§ EXERCISE AIM:
Two lines in the data below mark the range: the one with "Фрида Пинто: 282x400 / 22 Кб" and the one with "323 Bell Street, Bellfield VIC 3081". Return both, along with every line between them, exactly.

§ GIVEN RECORDS:
_ _ _
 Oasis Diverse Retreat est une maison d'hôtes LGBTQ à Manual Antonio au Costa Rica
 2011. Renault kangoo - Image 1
_ _ _
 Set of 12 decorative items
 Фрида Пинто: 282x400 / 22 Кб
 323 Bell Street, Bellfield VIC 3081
_ _ _
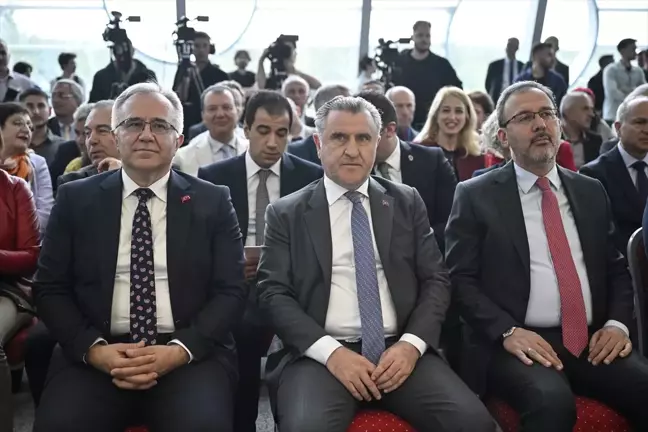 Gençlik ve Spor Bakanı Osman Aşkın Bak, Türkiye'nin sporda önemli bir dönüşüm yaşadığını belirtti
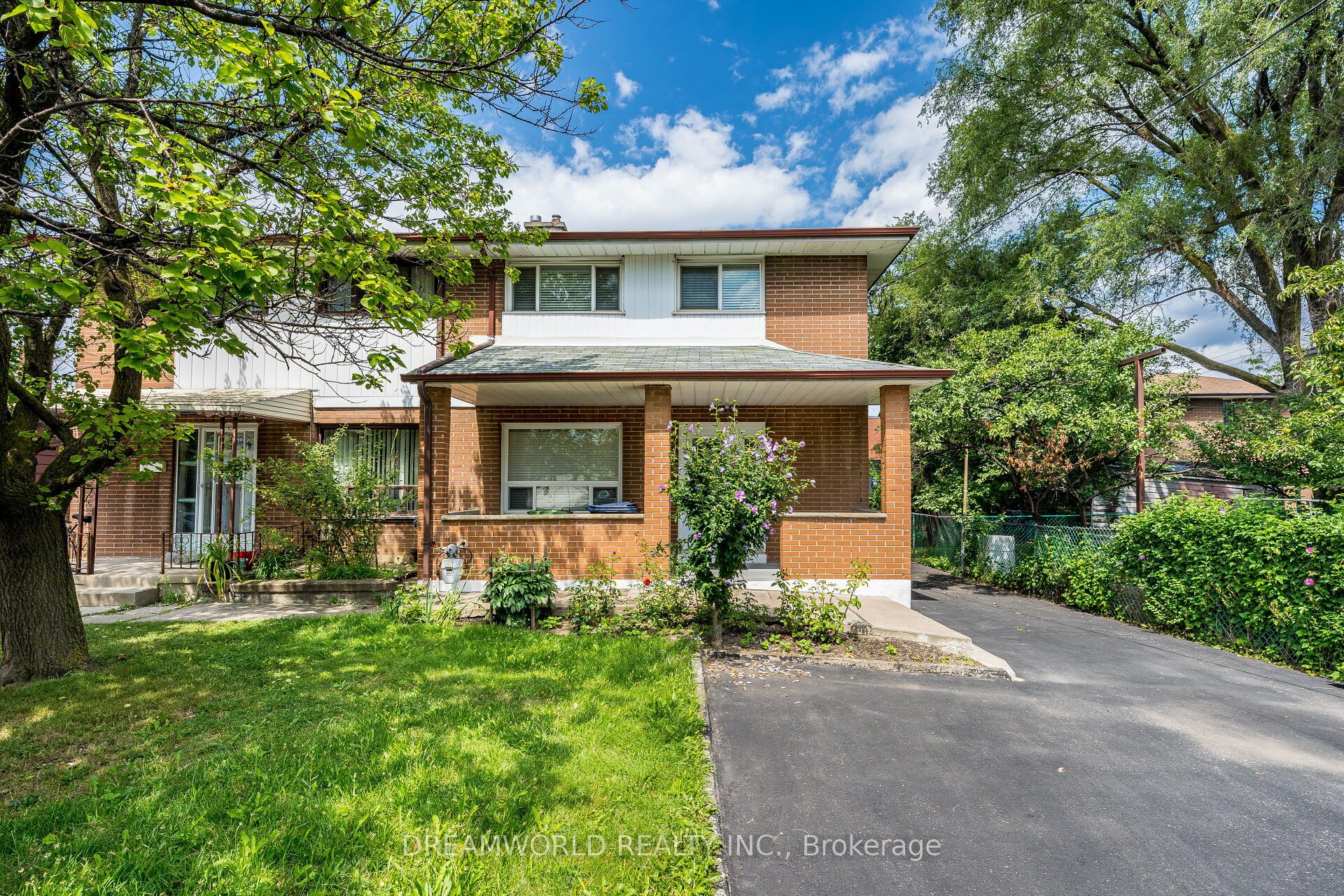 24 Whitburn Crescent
_ _ _
§ EXERCISE OUTPUT:
 Фрида Пинто: 282x400 / 22 Кб
 323 Bell Street, Bellfield VIC 3081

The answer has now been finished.